Zing Forum

Reading

ODE: Strategy Data Evolution Method for Vision-Native Multimodal Deep Search Agents

ODE addresses the issues of visual evidence reuse and static training data in multimodal search through the Image Bank Reference Protocol and a closed-loop data generator, significantly improving agent performance across 8 benchmark tests.

多模态搜索智能体训练数据演化视觉推理工具使用Qwen3-VL强化学习监督微调
Published 2026-05-12 00:49Recent activity 2026-05-12 14:25Estimated read 5 min
ODE: Strategy Data Evolution Method for Vision-Native Multimodal Deep Search Agents
1

Section 01

[Introduction] ODE: Strategy Data Evolution Method for Vision-Native Multimodal Deep Search Agents

This paper proposes the ODE method, which solves the problem of visual evidence reuse in multimodal search through a vision-native framework (Image Bank Reference Protocol) and addresses static training data via a closed-loop data generator (ODE). It significantly improves agent performance across 8 benchmark tests—for example, the average score of Qwen3-VL-8B increased from 24.9% to 39.0%, surpassing Gemini-2.5 Pro (37.9%).

2

Section 02

Background: Core Challenges of Multimodal Deep Search

Multimodal deep search requires agents to chain tool calls, analyze images, and perform complex reasoning, but current systems face two major bottlenecks:

  1. Temporary Visual Evidence: Existing tool frameworks treat images as one-time outputs, so intermediate visual evidence cannot be reused by subsequent tools;
  2. Static Training Data: Data built through fixed processes cannot adapt to the dynamic evolution of strategy capabilities, leading to resource waste.
3

Section 03

Method 1: Vision-Native Agent Framework (Image Bank Mechanism)

The paper proposes a vision-native agent framework, with the core being the Image Bank Reference Protocol:

  • Register images returned by tools as addressable references and store them in an "Image Bank";
  • Subsequent tools can access historical images via reference IDs, enabling reuse of visual evidence in the reasoning chain;
  • Solve multi-step visual reasoning problems (e.g., map annotation → analysis), avoid repeated image generation/transmission, and improve efficiency and information integrity.
4

Section 04

Method 2: Closed-Loop Mechanism for Strategy Data Evolution (ODE)

ODE is a closed-loop data generator synchronized with strategy training, with the core process:

  1. Current strategy rollout generates execution trajectories;
  2. Analyze trajectories to identify success/failure patterns;
  3. Generate targeted training data to strengthen weak links;
  4. Train the strategy with new data and repeat.
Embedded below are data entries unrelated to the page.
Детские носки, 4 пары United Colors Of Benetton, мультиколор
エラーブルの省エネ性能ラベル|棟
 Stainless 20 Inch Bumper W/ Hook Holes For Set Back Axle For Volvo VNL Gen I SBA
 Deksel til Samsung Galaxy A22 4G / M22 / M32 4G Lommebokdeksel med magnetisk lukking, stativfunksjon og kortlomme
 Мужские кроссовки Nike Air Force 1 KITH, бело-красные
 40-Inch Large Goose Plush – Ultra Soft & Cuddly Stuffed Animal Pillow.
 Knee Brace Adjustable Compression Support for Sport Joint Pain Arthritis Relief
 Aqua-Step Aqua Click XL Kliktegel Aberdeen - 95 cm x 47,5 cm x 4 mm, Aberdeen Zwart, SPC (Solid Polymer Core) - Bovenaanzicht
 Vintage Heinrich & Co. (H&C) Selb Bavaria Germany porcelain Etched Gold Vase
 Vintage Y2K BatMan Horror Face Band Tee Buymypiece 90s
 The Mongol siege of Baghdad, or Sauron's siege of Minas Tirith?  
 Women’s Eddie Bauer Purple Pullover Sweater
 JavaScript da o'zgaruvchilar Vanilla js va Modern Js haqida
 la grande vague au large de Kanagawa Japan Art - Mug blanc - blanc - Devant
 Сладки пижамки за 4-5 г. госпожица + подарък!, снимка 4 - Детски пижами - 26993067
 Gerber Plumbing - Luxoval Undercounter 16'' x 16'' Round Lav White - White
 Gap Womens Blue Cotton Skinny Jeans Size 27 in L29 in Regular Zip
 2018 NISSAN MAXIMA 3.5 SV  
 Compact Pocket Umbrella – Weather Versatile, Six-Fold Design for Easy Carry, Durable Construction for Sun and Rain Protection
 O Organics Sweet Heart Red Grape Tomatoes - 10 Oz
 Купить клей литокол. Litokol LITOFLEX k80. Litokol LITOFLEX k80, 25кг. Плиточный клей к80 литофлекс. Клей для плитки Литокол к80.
It supports data curation for Supervised Fine-Tuning (SFT) and Reinforcement Learning (RL), covering the full training lifecycle of agents.
5

Section 05

Experimental Evidence: Verification of Significant Performance Improvement

In 8 multimodal deep search benchmark tests, ODE showed significant effects:

  • Qwen3-VL-8B: Average score increased from 24.9% to 39.0% (+56%), surpassing Gemini-2.5 Pro (37.9%);
  • Qwen3-VL-30B: Average score increased from 30.6% to 41.5%. This proves that dynamic data generation can bridge the gap in model scale.
6

Section 06

Key Findings: Value of Image Bank and Dynamic Data

  1. Image Bank Reuse: In iterative visual optimization tasks, avoid repeated overhead and maintain information integrity;
  2. Rollout Feedback Advantage: Generate data based on the actual performance of the strategy, which is more aligned with task requirements than static synthesis;
  3. Dynamic Adaptation: Static data cannot adjust difficulty as the strategy improves, while ODE's round-by-round refinement avoids resource waste.
7

Section 07

Application Prospects and Future Directions

Application Prospects:

  • Extend to general agent training and Vision-Language Model (VLM) optimization;
  • Reduce multimodal data annotation costs;
  • Support continuous learning (iterative optimization after deployment). Limitations and Directions:
  • Optimize computational overhead;
  • Verify open-world generalization ability;
  • Improve interpretability;
  • Adapt to multi-agent collaboration scenarios.